La piccola industria delle pietre bianche, funzionante sino agli anni ’60, ha la forma di un piccolo nuraghe e un’altezza che può raggiungere anche gli 8-10 metri; la capacità di questa piccola realtà produttiva nell’arco di un mese era di circa 650-700 quintali di calce. Il prodotto finito o calce spenta veniva trasportato sulle spalle mediante l’ausilio de “is coffasa” (particolari gerle da mettere sulle spalle per il trasporto) e caricato sui classici carri a buoi o sui primi autocarri che provvedevano al trasporto nei paesi del Campidano o della Barbagia. Per evitare gravi ustioni gli operai utilizzavano come protezione su “is tidilisi” una sorta di sacco ben arrotolato da adagiare sulle spalle.
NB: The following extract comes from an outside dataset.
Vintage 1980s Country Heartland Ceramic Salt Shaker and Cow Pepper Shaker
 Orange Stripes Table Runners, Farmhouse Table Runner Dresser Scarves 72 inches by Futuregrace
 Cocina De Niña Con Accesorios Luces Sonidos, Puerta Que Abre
La scelta del luogo dove erigere le antiche fornaci richiedeva uno studio propedeutico dettagliato nel quale si analizzavano diversi parametri (sia di ordine pratico che logistico) come l’abbondanza nelle immediate vicinanze di materia prima da lavorare, la possibilità di reperire enormi quantità di frascume necessarie per alimentare il fuoco di cottura del materiale lapideo ed infine la presenza di una montagna per incassare almeno parzialmente il forno al fine di evitare crolli e dispersione di calore.
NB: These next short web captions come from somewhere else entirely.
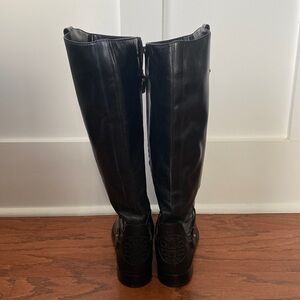 Tory Burch Colton Galleon Black Leather Riding Boots, Size 8.5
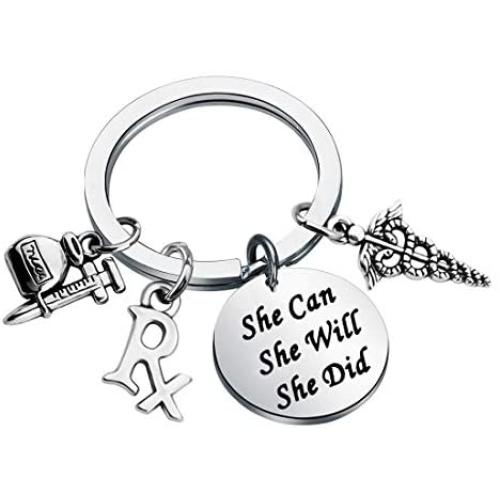 AKTAP RX Pharmacy Gift Pharmacist Keychain She Can She Will She Did Pharmacy Technician Jewelry Pharmacist Graduation Gift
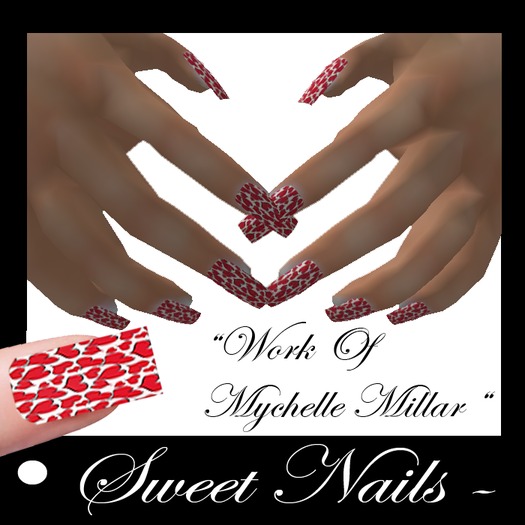 Long Nails 47 Colorful Sweet Hearts Collection 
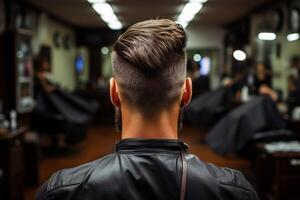 Barbers skill Rear view of males haircut, background artistically faded AI Generated photo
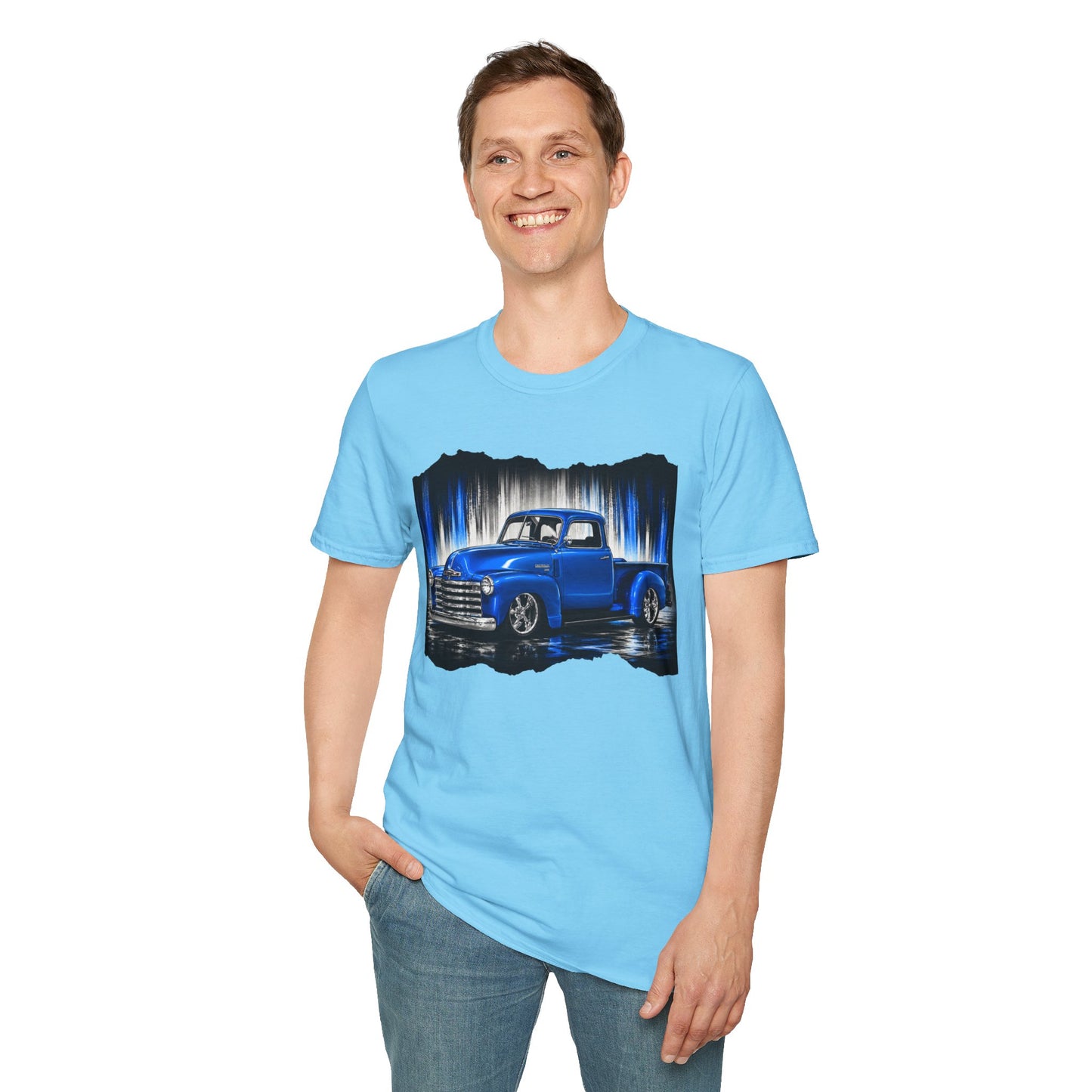 Vintage Truck Shirt, Blue Pickup Truck Tee, Classic Truck Graphic Shirt, Truck Enthusiast Gift, Retro Auto Unisex Tee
La fase di riempimento del forno era la più faticosa poiché si provvedeva alla raccolta ed al trasporto per lo più a spalla del materiale (una squadra di operai si occupava della materia prima mentre una seconda squadra si occupava del legnatico). Terminata la fase di raccolta si procedeva all’accensione del fuoco nel fornello appositamente predisposto.

A ridosso del forno veniva allestito un piccolo ambiente utilizzato dagli operai come riparo sia nei mesi estivi che invernali. Il lavoro di cottura proseguiva ininterrottamente fino a quando una piccola porzione di materiale lapideo fondeva legando saldamente in un’unica massa amorfa tutto il pietrame posto all’interno del forno. Passati alcuni giorni, si provvedeva alla frantumazione della massa cotta e al suo sminuzzamento.

Il lavoro e la fatica sostenuta dagli operai era immane; infatti, per portare a compimento il processo di cottura di un solo forno, era indispensabile la manodopera di 15-20 persone per un intero mese sia di giorno che di notte.

Le antiche fornaci, piccoli gioielli di archeologia industriale, sono uno strumento importante per capire e studiare il passato più recente della nostra attuale civiltà industriale. “Is forrol de calcina” rappresentano un’importante testimonianza e come tali conservate perché fanno parte della cultura e delle tradizioni della nostra isola.

Attualmente l’Ente foreste della Sardegna, di concerto con gli enti locali, associazioni e privati, sta predisponendo una serie di interventi diretti al ripristino della sentieristica rurale, finalizzati ad assicurare direttamente la massima fruizione ecologico sociale del patrimonio naturalistico-storico-culturale della Sardegna attraverso la redazione di un programma unitario, condiviso e integrato.